**** Given data ****
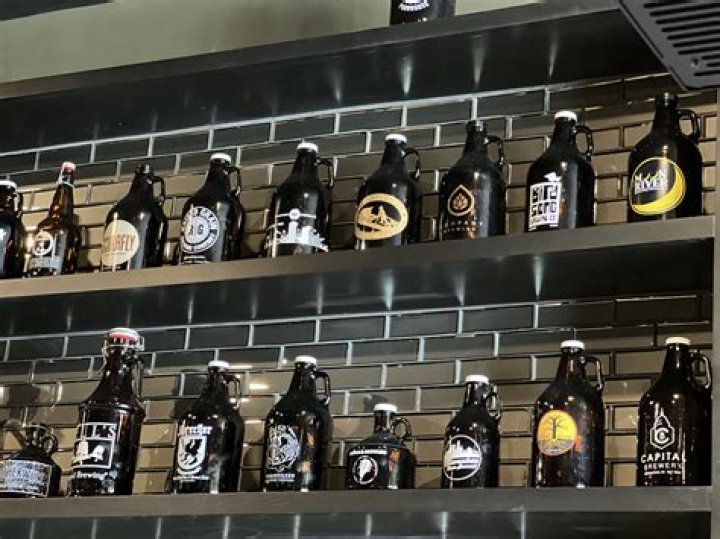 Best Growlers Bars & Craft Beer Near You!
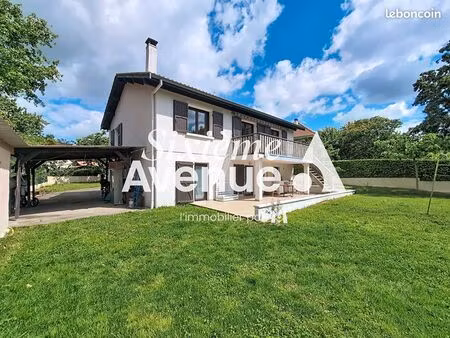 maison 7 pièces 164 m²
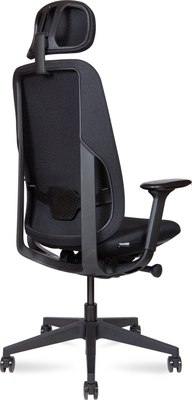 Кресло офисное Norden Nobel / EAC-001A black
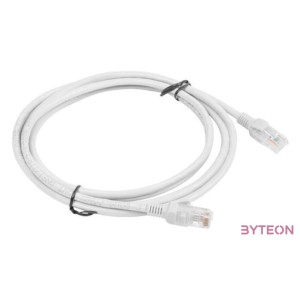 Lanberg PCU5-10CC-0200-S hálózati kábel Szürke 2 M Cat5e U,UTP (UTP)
****
- [Exercise details] Set down all the data again exactly as above, pictures excluded.

- [Problem solution]
 Best Growlers Bars & Craft Beer Near You!
 maison 7 pièces 164 m²
 Кресло офисное Norden Nobel / EAC-001A black
 Lanberg PCU5-10CC-0200-S hálózati kábel Szürke 2 M Cat5e U,UTP (UTP)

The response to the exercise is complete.